Monday, December 15, 2014

Bruni in the City: Madonna Mia! I Turn 50 Soon!

Bruni in the City: Madonna Mia I Turn 50 Soon!
A Column by Christina Bruni
Make a Fresh Start in Your Forties
Has anyone seen my eyeglasses? I'm reading the book Style Evolution, about how a woman can dress herself at 40 and beyond. The author, Kendall Farr, a fashion stylist, shoots down Madonna and Demi Moore as unrealistic role models for women whose bodies are no longer pointy and perky.
Everything goes south at 40, honey. Trying to emulate women whose sole mission in life is to sculpt or scalpel themselves into perfect form is fruitless and unhealthy. Better to buy the Spanx and let nature take its course. Sure, do an exercise routine and watch what you eat. The Spanx couldn't hurt while you're at it.
Yet 40 and beyond, as a woman reaches this prime age, is not the time to still be in agony over your body or your life.
I urge every young woman reading this column to understand that 40 is the start of a new and wonderful phase of your life, and not the end of the best times. It can get better and better if you have the hope that you can live a good life into and through your sunset years.
I'm about to give a talk to senior citizens and I'm excited about this because I turn 50 in April of 2015. This seems unreal, given how I appear in my photo, yet that's how it goes: I'm soon to be in the target market for AARP.

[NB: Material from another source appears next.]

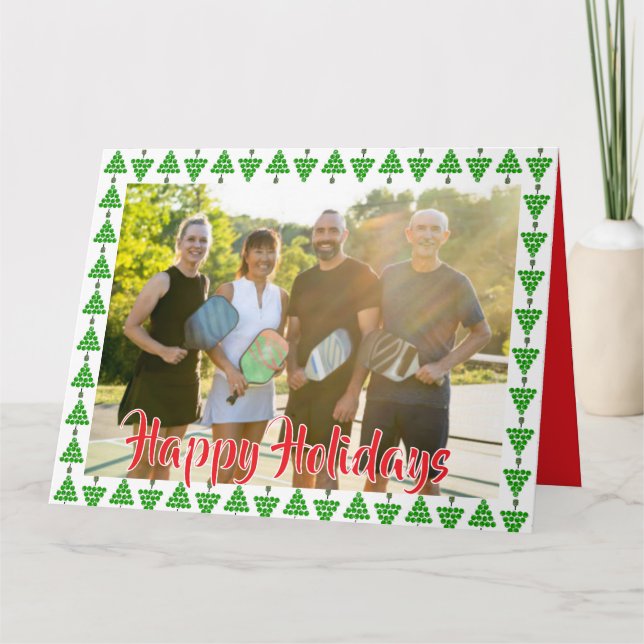 Pickleball Christmas Tree Happy Holidays Photo Card (Front)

Laughing about this is the only way to go. The kind of precious thing about it is that when you come to this age, you're no longer asked for proof of ID when you go into a liquor store. This charms me for some reason, that I can buy a bottle of Barefoot Pinot Grigio and the shopkeeper doesn't bat an eyelash.
Of course, when I was 21 and I looked like I was 14 I didn't get carded either in my neighborhood. When I was 14, I went to Butterfly, the shop on 8th Street in the Village, and bought a fake ID to get me into clubs. The ID looked fake but the bouncers didn't care.
The old drivers' licenses in New York State didn't have photos when I came of age so you could report your license lost, get a new one, and forget the old license with a birth date that allowed you to buy beer and enter bars.
What I did when the new licenses with the photos came out, I acted like a makeup artist and added blush over my photo so that it looked better than a mug shot. Strange, but true.
No. I don't think 40 is the time when a woman should give up on herself.
A woman should never give up on doing things to feel beautiful, even if she doesn't look like Madonna or Demi Moore. If beauty is in the eye of the beholder, you should be the one beholding your own beauty, and admiring yourself when you get older.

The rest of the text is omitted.